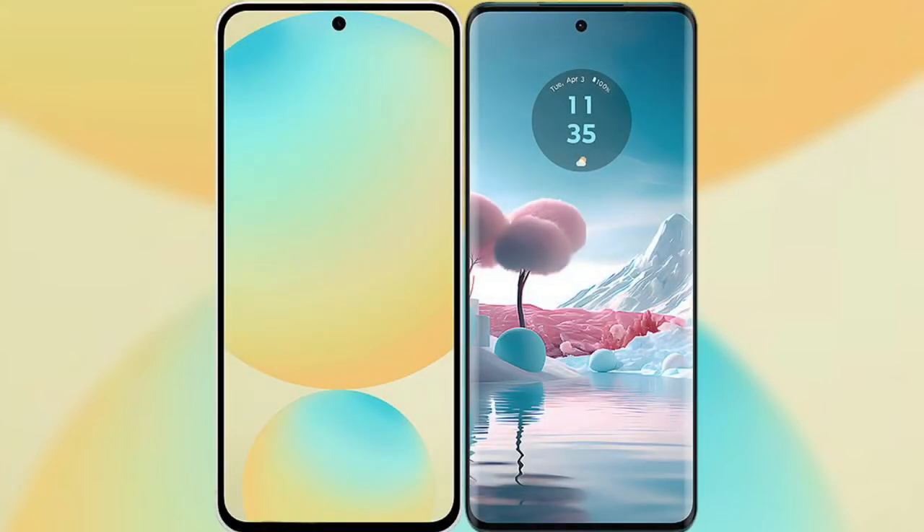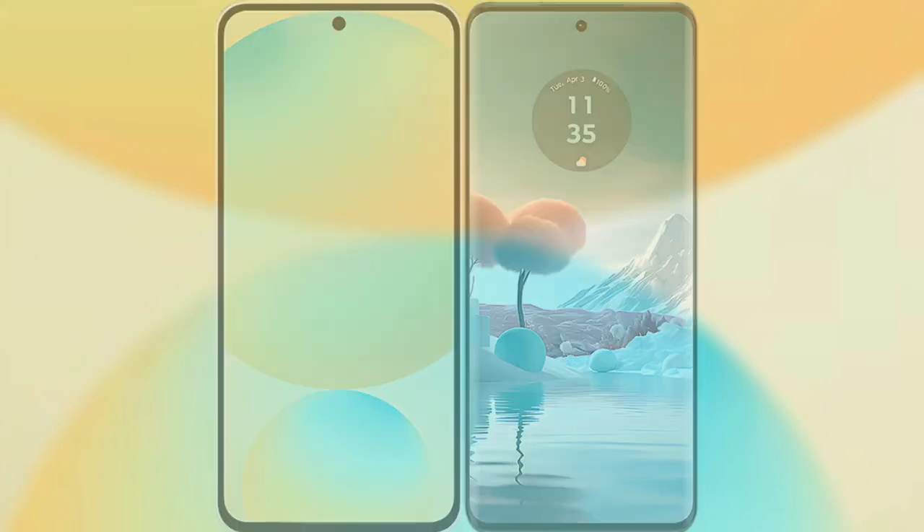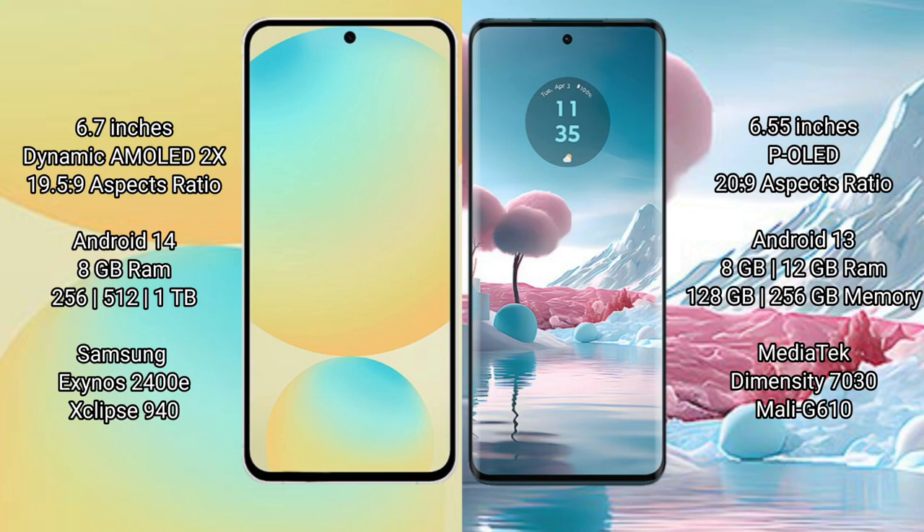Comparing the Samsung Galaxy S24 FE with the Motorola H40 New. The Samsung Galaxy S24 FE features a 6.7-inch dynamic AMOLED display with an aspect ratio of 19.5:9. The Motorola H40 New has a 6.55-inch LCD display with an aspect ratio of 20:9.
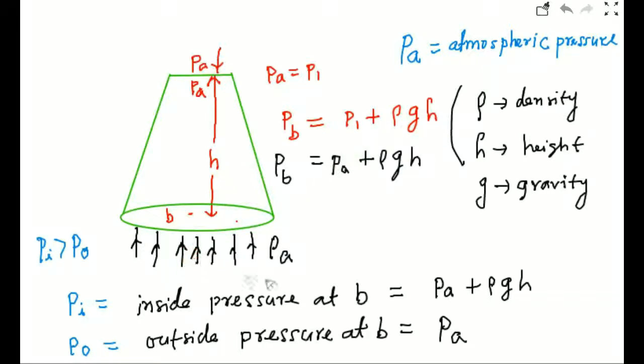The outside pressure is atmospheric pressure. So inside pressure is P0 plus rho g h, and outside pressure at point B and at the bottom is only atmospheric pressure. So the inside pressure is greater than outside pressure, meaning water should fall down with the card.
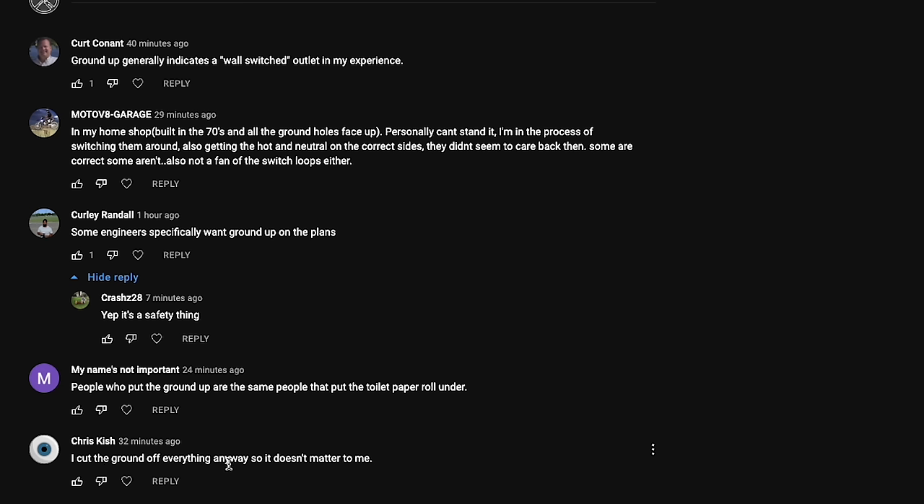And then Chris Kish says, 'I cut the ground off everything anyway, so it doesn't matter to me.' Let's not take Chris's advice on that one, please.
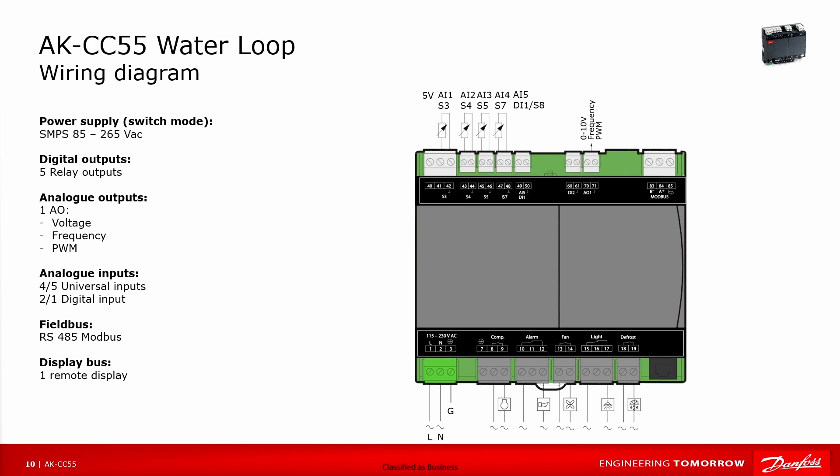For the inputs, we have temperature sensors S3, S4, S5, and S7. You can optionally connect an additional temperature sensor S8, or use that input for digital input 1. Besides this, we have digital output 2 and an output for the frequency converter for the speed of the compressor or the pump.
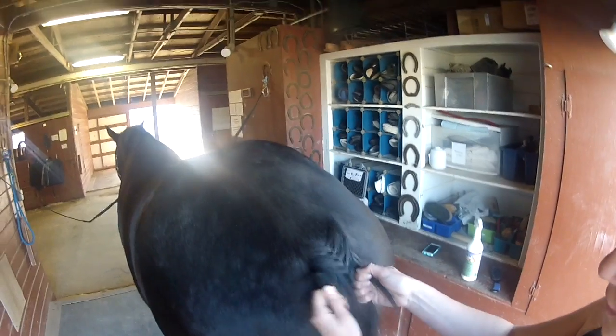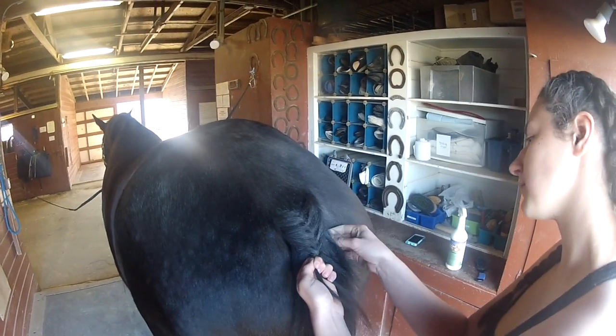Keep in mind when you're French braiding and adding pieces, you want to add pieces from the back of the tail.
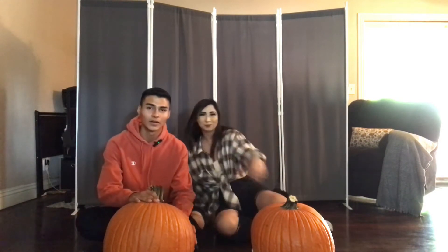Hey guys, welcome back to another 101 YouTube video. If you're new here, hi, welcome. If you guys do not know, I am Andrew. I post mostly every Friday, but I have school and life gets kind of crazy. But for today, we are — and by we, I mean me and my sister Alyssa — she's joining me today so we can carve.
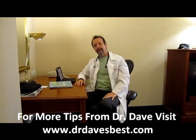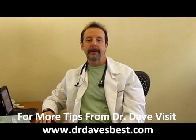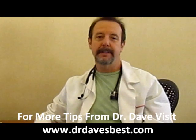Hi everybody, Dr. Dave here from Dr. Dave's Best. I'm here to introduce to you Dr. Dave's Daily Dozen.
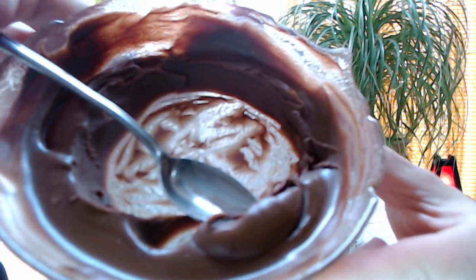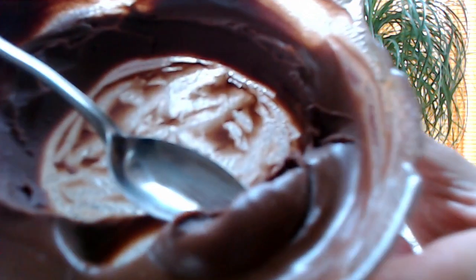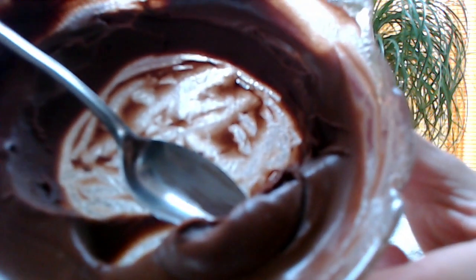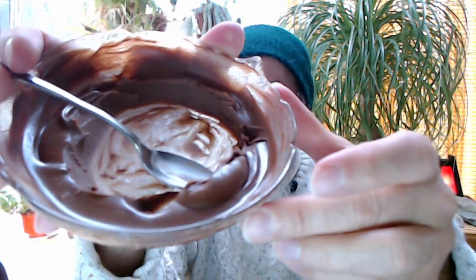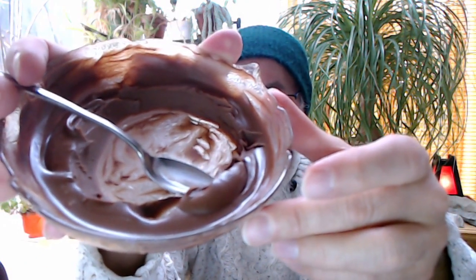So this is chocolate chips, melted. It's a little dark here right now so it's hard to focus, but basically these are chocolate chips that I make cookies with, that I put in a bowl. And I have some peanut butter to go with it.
:::::
> TASK:
Starting with the first line of the data, transcribe every line exactly through the one containing "For the inputs, we". No pictures go in.

> EXERCISE OUTPUT:
Comparing the Samsung Galaxy S24 FE with the Motorola H40 New. The Samsung Galaxy S24 FE features a 6.7-inch dynamic AMOLED display with an aspect ratio of 19.5:9. The Motorola H40 New has a 6.55-inch LCD display with an aspect ratio of 20:9.
The outside pressure is atmospheric pressure. So inside pressure is P0 plus rho g h, and outside pressure at point B and at the bottom is only atmospheric pressure. So the inside pressure is greater than outside pressure, meaning water should fall down with the card.
And then Chris Kish says, 'I cut the ground off everything anyway, so it doesn't matter to me.' Let's not take Chris's advice on that one, please.
For the inputs, we have temperature sensors S3, S4, S5, and S7. You can optionally connect an additional temperature sensor S8, or use that input for digital input 1. Besides this, we have digital output 2 and an output for the frequency converter for the speed of the compressor or the pump.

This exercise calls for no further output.